To Americans living in the late nineteenth century, disability could be a window into character. A limp or an amputation could be evidence of moral degeneration as well as physical harm. What would happen to men like Lenoir who returned from the war missing an arm or a leg? In part to help men like Lenoir, a flourishing prosthetics industry rose during the war to meet this need.
Historians have estimated that just under 30,000 Union soldiers lost a limb during the war, with over 21,000 surviving the operation. The actual numbers were likely higher due to the fact that the Union did not bother to start keeping track until the second year of the war. We don’t know the numbers of Confederate amputations because the medical records went up in flames as the Davis administration fled Richmond in terror of Grant’s Army in 1865.

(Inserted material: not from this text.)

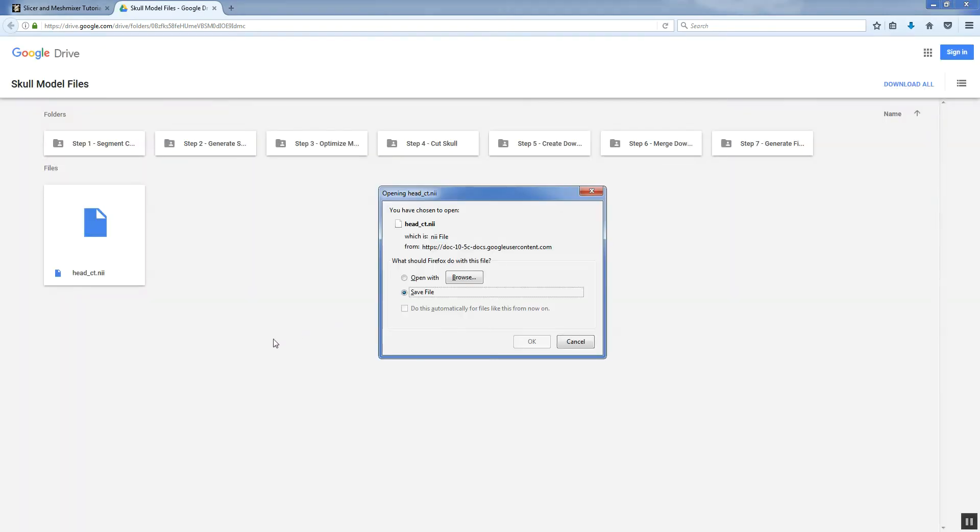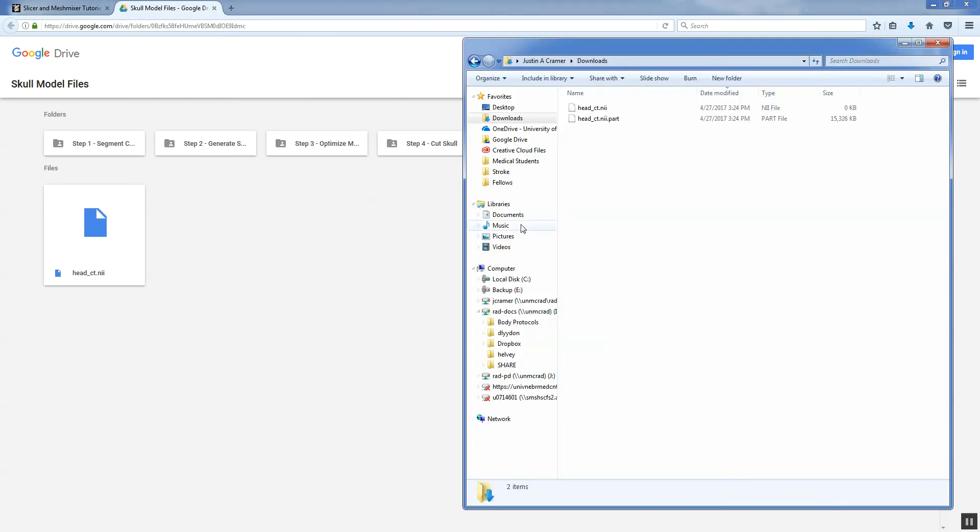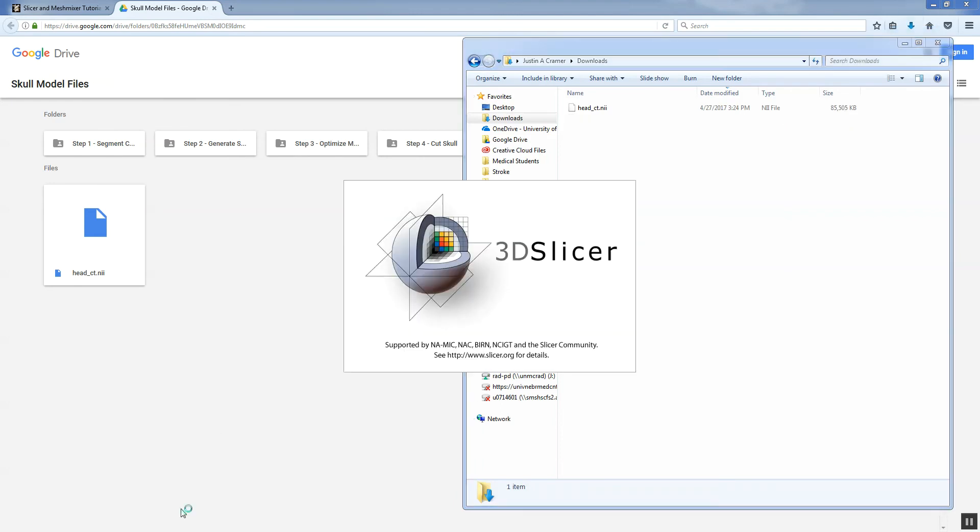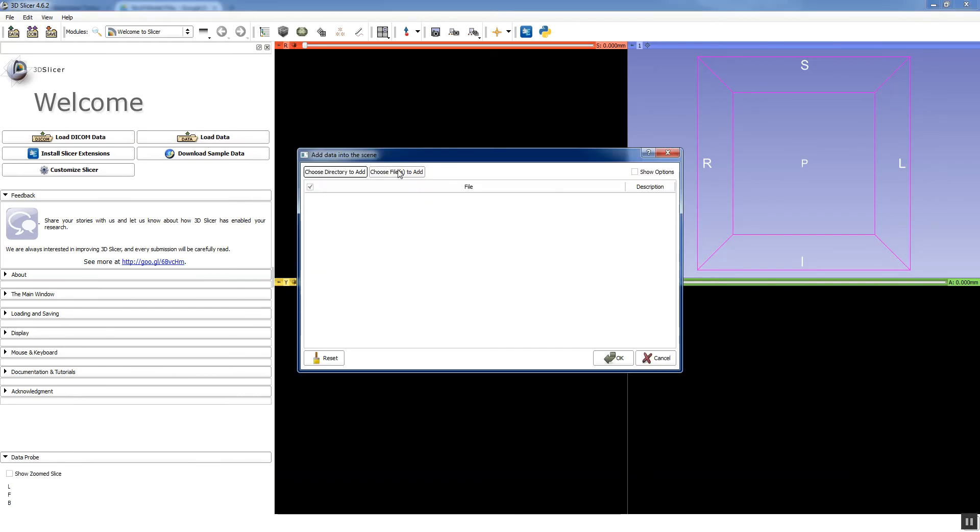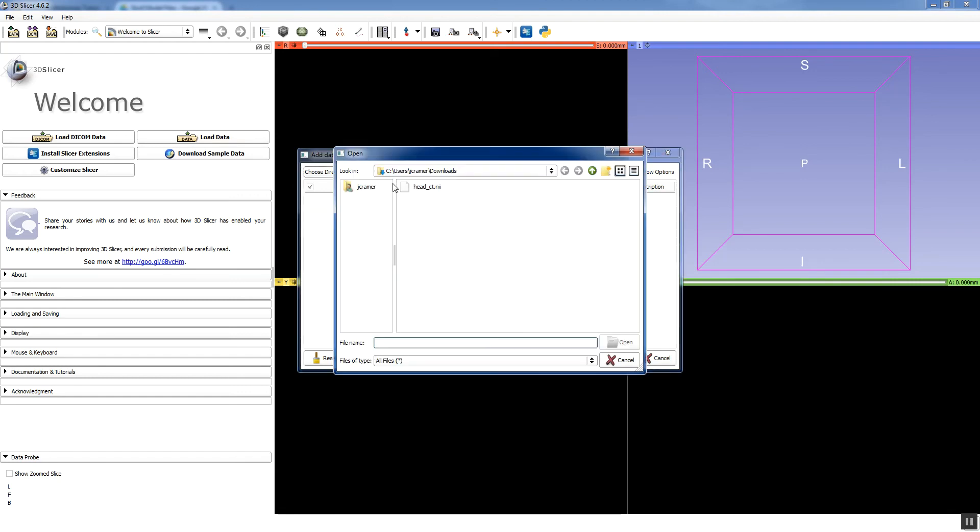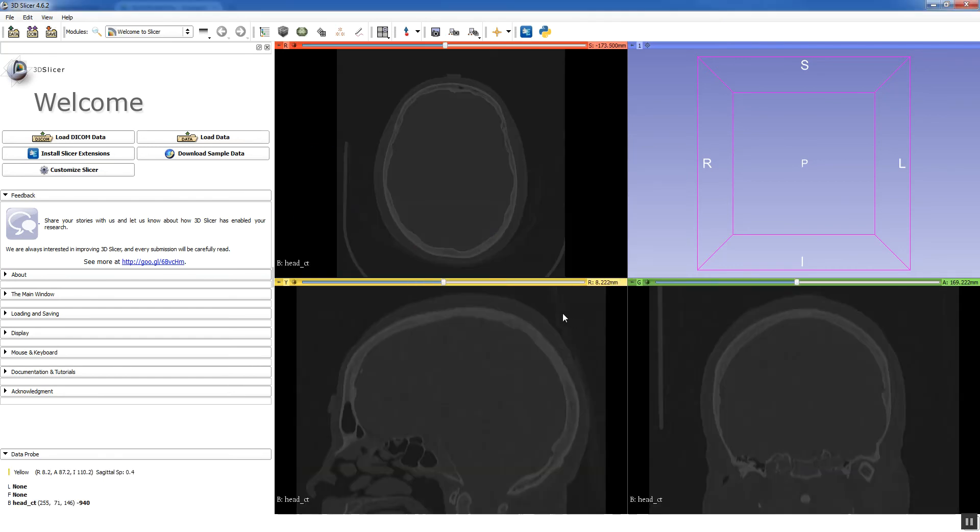It's about 85 megabytes, so it takes just a second. Once that's finished downloading, we're going to open up Slicer. Now I'm using Windows. Slicer and MeshMixer both work in both Windows and Mac. So either one is okay. You're going to go to load data and you're going to choose the file to add and browse the directory you downloaded it to. Click on headct.nii, click open and then click okay.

Prosthetics were obviously important for mobility, but they were also important for amputees to become inconspicuous in civilian society. Numerous Americans wondered during the war what would happen to amputees when they returned home, how would they blend in? “At an age when appearances are reality,” wrote Oliver Wendell Holmes in 1863. “It becomes important to provide the cripple with a limb which shall be presentable in polite society, where misfortunes of a certain obtrusiveness may be pitied, but are never tolerated under the chandeliers.”[2] The federal government subsidized artificial limbs for documented Union soldiers who suffered an amputation. Washington would provide an artificial limb or a financial commutation of up to seventy-five dollars. Because they had engaged in rebellion, Confederate veterans were not eligible for federal subsidies for artificial limbs. Some former Confederate states like North Carolina and Virginia funded their own artificial limb programs to provide old Johnny Rebs with their own prosthetic legs.

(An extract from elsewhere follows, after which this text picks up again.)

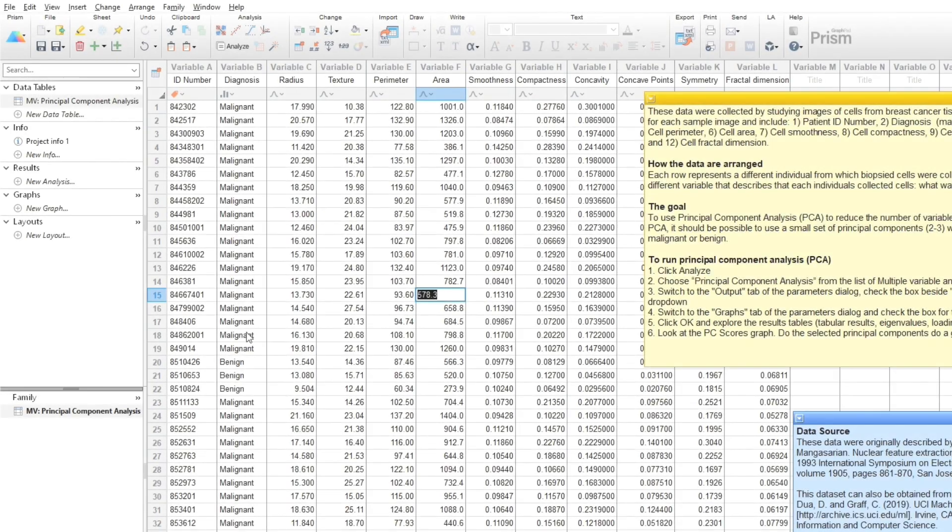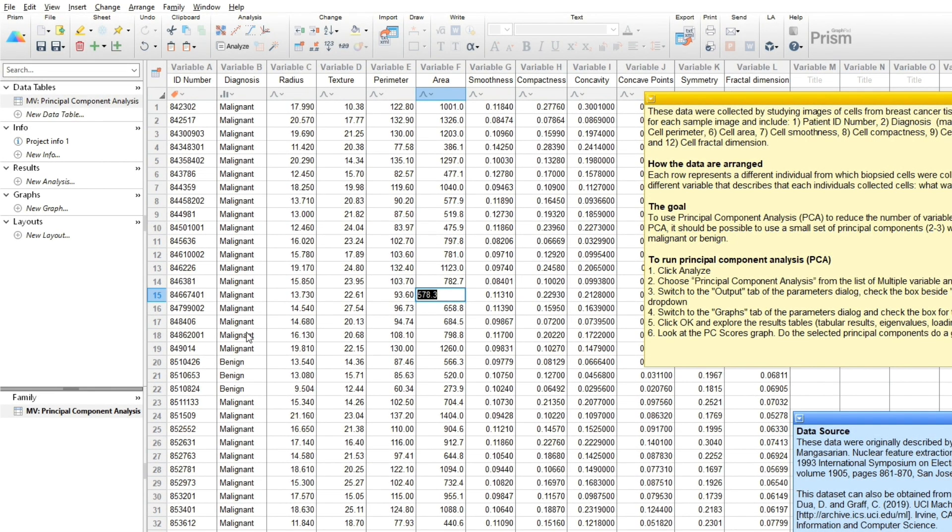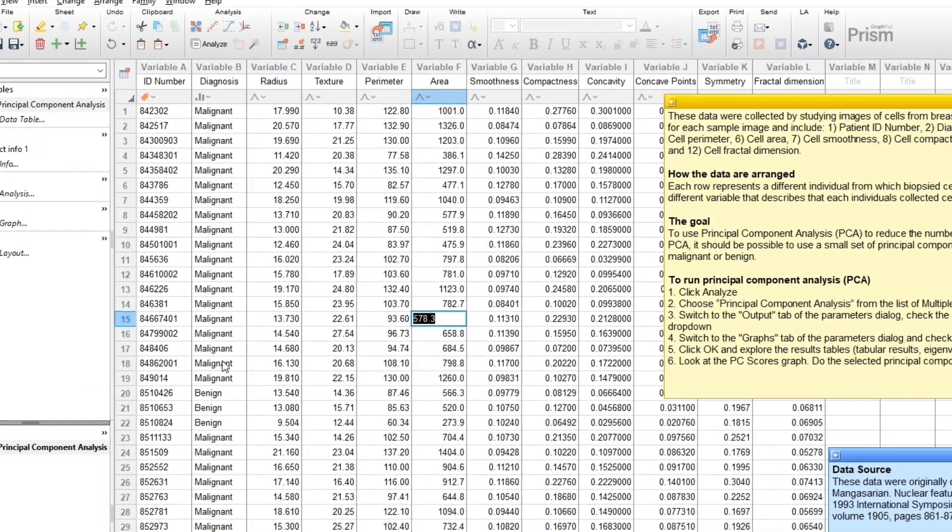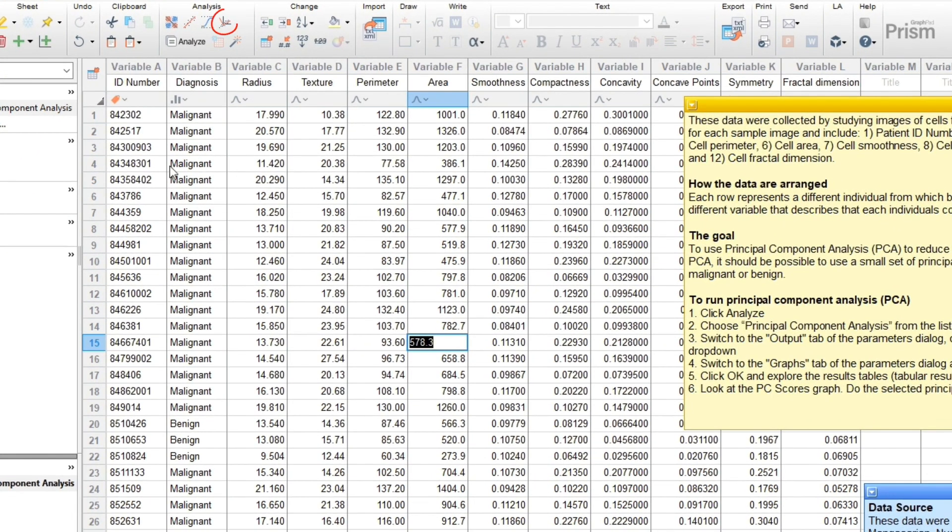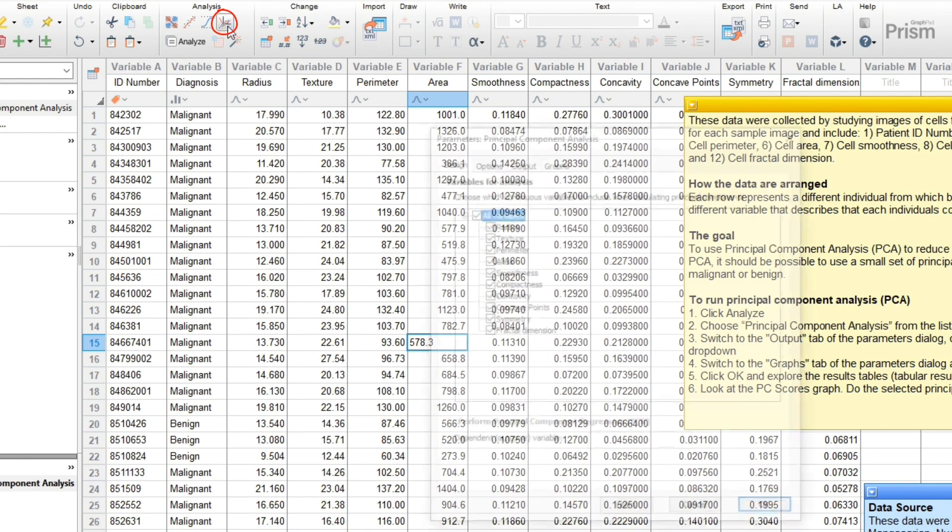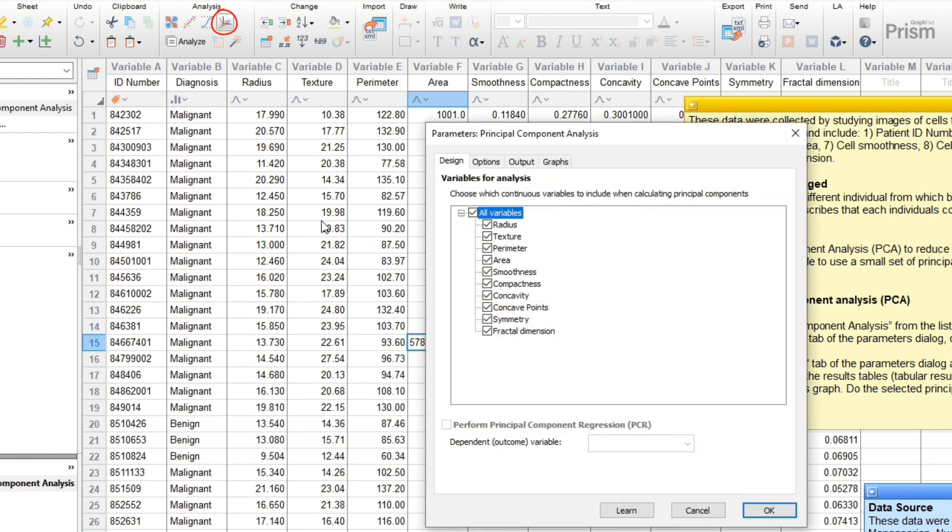Running PCA in PRISM is straightforward. To start, you'll need your data in a multiple variables table. There's an icon to launch principal components analysis, or you can select it from the Analyze menu. In the first tab, you'll select the variables that you want to include in PCA. Only continuous variables can be selected as predictors.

As Laurann Figg and Jane Farrell-Beck have shown, the Civil War was a boon for the prosthetic limb industry. Between 1845 and 1861, 34 patents were issued for prosthetic limbs, while between 1861 and 1873, 133 patents were issued for prosthetic limbs.[3]
Many Americans were awed by the advancement in artificial limb technology, often praising the craftsmanship of the manufacturers, such as George Jewett, James Edward Hanger, D. DeForrest Douglass, Benjamin Franklin Palmer, and Douglas Bly. One newspaper praised the Douglass artificial limb, exalting the realism of the prosthetic: “it is difficult to distinguish the artificial member from genuine flesh and blood.”[4] They were designed to be inconspicuous, so that the wearer could blend into society without strangers knowing that he was an amputee. Adelaide Smith remembered that when she was working as a nurse during the war, many amputees were being supplied with artificial limbs. She was surprised “how many were well fitted with these limbs” and “could walk so well that only a slight limp betrayed them.”[5]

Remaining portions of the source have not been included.